Data for this exercise:

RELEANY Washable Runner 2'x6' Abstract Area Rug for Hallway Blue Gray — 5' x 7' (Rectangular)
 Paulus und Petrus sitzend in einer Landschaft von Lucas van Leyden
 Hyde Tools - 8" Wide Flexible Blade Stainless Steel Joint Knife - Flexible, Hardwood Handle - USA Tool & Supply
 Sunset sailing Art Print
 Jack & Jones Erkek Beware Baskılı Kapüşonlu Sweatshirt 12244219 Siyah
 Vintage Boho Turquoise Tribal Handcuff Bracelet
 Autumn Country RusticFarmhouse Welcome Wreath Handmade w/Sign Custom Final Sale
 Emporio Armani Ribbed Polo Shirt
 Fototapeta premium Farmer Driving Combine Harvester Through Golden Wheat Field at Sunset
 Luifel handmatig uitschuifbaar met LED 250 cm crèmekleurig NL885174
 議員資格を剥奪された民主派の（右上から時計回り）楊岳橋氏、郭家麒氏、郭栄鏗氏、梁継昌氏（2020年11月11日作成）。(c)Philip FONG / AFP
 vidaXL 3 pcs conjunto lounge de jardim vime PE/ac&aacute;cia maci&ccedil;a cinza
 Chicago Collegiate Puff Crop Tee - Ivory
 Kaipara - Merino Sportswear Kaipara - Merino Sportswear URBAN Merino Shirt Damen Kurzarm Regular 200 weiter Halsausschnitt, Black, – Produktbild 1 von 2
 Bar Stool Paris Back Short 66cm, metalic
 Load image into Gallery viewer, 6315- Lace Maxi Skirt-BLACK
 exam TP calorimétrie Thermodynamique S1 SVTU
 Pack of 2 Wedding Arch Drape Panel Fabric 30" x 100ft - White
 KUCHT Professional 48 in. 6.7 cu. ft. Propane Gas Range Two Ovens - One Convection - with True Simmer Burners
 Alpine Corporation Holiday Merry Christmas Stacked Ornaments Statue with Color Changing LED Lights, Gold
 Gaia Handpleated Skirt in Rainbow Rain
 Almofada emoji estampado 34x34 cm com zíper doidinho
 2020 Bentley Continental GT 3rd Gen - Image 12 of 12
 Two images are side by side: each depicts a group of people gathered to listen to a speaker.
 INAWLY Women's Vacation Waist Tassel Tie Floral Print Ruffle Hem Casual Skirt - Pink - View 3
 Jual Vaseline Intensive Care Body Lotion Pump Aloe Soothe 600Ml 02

Problem description: Pick out each line in the material containing "with".

Answer section:
 KUCHT Professional 48 in. 6.7 cu. ft. Propane Gas Range Two Ovens - One Convection - with True Simmer Burners
 Alpine Corporation Holiday Merry Christmas Stacked Ornaments Statue with Color Changing LED Lights, Gold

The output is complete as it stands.